O "sucesso" de frases como "hasta la victoria, secret" (um trocadilho com a frase de Che Guevara, "hasta la victoria, siempre", e a famosa marca de lingerie Victoria Secret), de suas caras e bocas e do jeito perua da personagem deixou o governo irritado. O ministro da Justiça, Aníbal Fernández, pediu durante uma entrevista que o Gran Cuñado "deixasse um pouco Cristina de lado". Em vão, ela segue como o maior sucesso do programa.

Roteirista vê intimidação
"Houve uma ameaça direta a mim. Mas faço humor político há 20 anos, nas revistas e nos jornais. Procuro acreditar que as ameaças não vêm diretamente do governo. Por isso não dou valor", conta o cartunista Nik, um dos roteiristas do programa, ao UOL Notícias.

Cristina faz sucesso enquanto personagem do programa, mas na vida real, fora da tela de TV, a situação é outra. "Nem se a gente tentasse o programa conseguiria arranhar ainda mais a imagem dos Kirchner. Humorista nenhum consegue fazer mais do que eles mesmos fizeram para afetar a própria imagem", provoca Nik. A pesquisa do instituto Ibarometro mostra que 16% da população de Buenos Aires acreditam que Cristina é a personalidade política mais prejudicada pelo "Gran Cuñado".

Para Pablo Lopez Fiorito, diretor de projetos da Ibarometro, o resultado da pesquisa não significa muito. "É apenas uma pesquisa. Vários outros fatores vão influenciar as eleições", diz.

"Não é nossa intenção prejudicar ninguém. Queremos representar todos de maneira igual. Mas é difícil saber se o programa irá influenciar alguém na hora do voto", afirma Nik. "Mas a população está com raiva dos Kirchner, isso sim vai influenciar", completa.

Nik justifica o programa como sendo uma ferramenta que apenas mostra como os políticos estão sem credibilidade no país. "Humor político é satírico. Não dá pra fazer humor político em favor de alguém. Mas o político argentino já tem uma imagem ruim perante a sociedade por natureza", diz.

Menem propõe chapa com a falsa Kirchner
O certo é que os políticos da Argentina já percebem o poder do "Gran Cuñado". Muitos citam o episódio do ex-presidente argentino Fernando de la Rua (1999 - 2001). Dizem que o programa ajudou na queda do ex-presidente, sempre retratado como um velho tolo com constantes lapsos de memória em uma edição anterior do "Gran Cuñado".

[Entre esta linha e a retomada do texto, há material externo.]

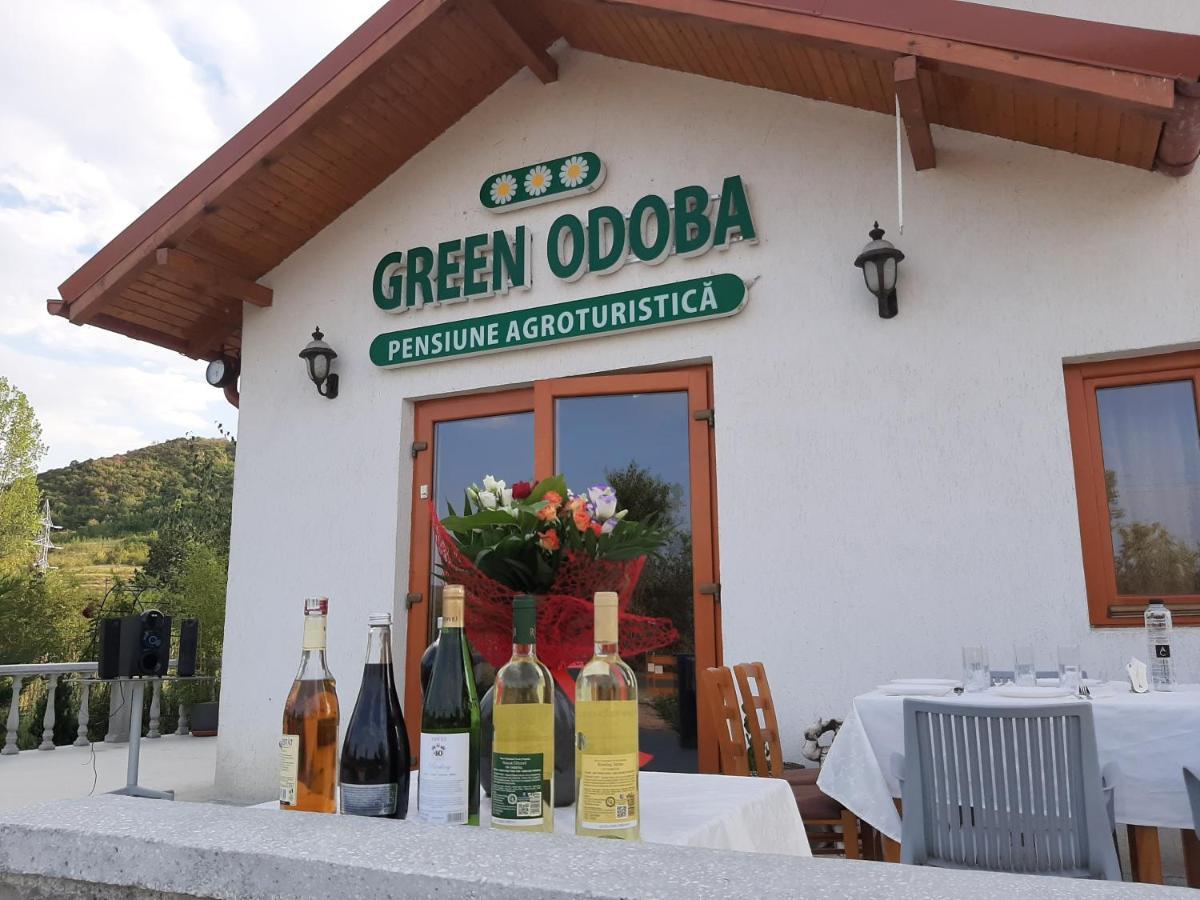 Pensiunea Agroturistica Green Odoba Sătuc Exterior photo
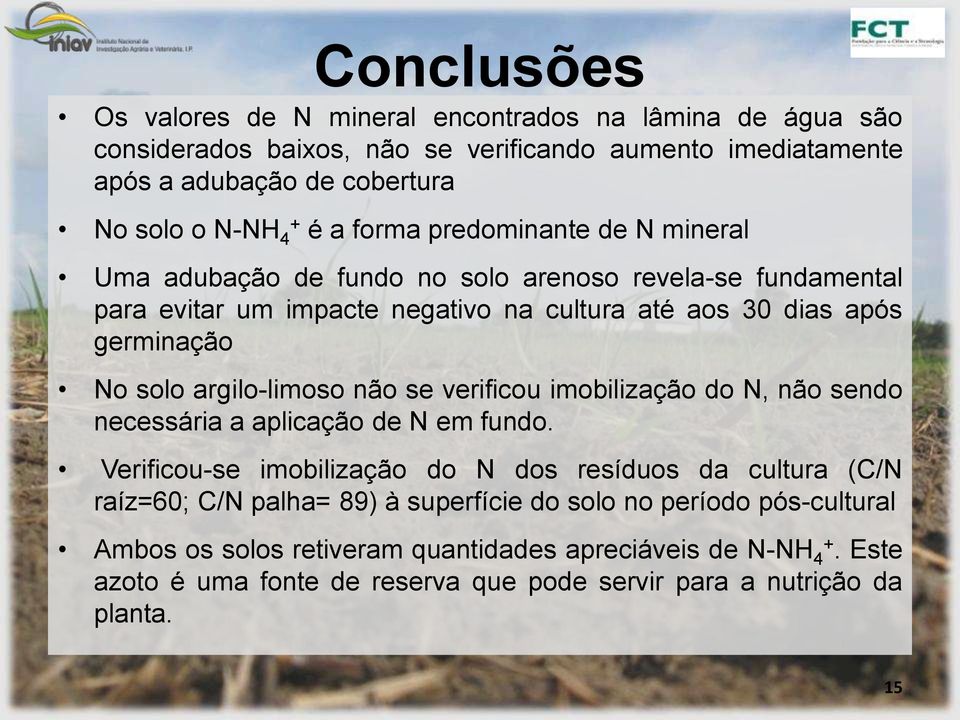 argilolimoso não se verificou imobilização do N, não sendo necessária a aplicação de N em fundo.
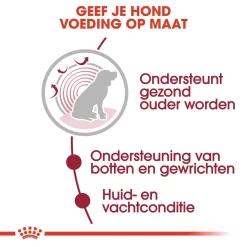 Royal Canin Hondenvoer Medium Ageing 10+ 10 X 140 Gr 7 Royal Canin Hondenvoer Medium Ageing 10+ 10 X 140 Gr -ROYAL CANIN Huisdier royal canin medium ageing 10plus natvoer senior hond oudere hond vanaf 10 jaar hero usp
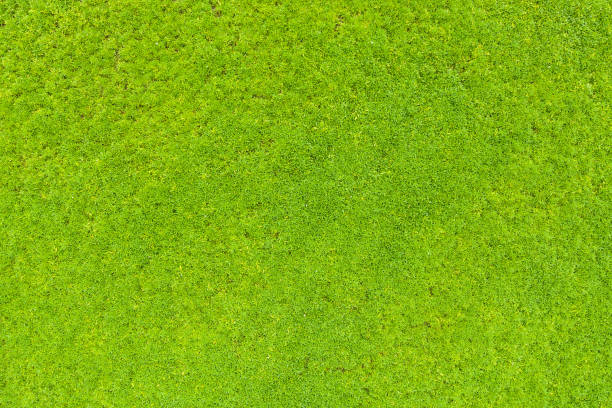 istock Top view of green grass 1147726128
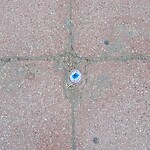Arica: Big brother is watching ;)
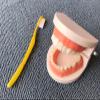 LLTCMAOYI Montessori Teeth Brushing Model with Toothbrush Toys, Practical Life Toy for Toddlers,Tooth Model with Bamboo Tray view 2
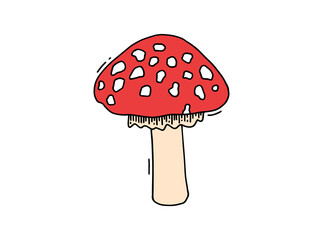 Hand drawn fly-agaric doodle icon. Amanita mushroom. Poisonous toadstool fly agaric. Hand drawn doodle.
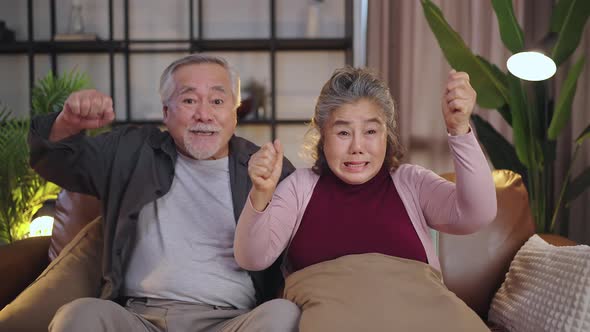 old mature asian couple cheering sport games competition together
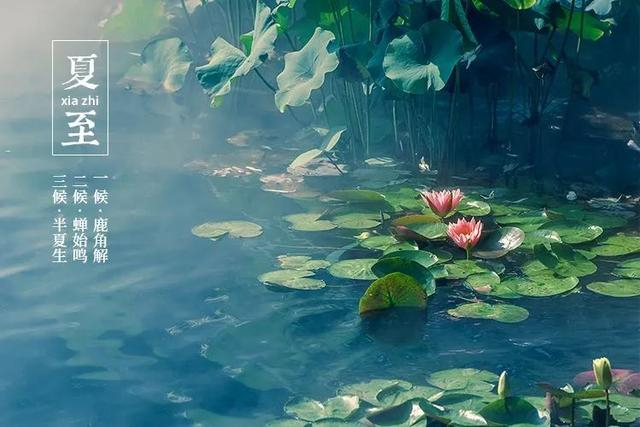 今日夏至！夏至习俗与养生，这些事情你一定要知道！-夏至饮食中医养生禁忌有哪些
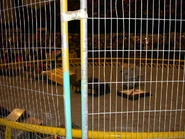 Steel Sandwich participates in a rumble with Behemoth, Iron Awe 2.1 and others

Este ano, o ex-presidente Carlos Menem tentou capitalizar com o programa. O atual senador pela província de La Rioja afirmou em visita à casa do "Gran Cuñado" que será candidato à presidência da Argentina em 2011. Sentindo-se à vontade, Menem chegou a convidar a falsa Cristina Kirchner para compor a chapa.

Até mesmo o verdadeiro Néstor Kirchner já deu indícios que poderia fazer uma visita ao "Gran Cuñado". Sergio Massa, chefe do gabinete de Cristina, disse que o ex-presidente participaria se não tivesse de encontrar a versão falsa da mulher.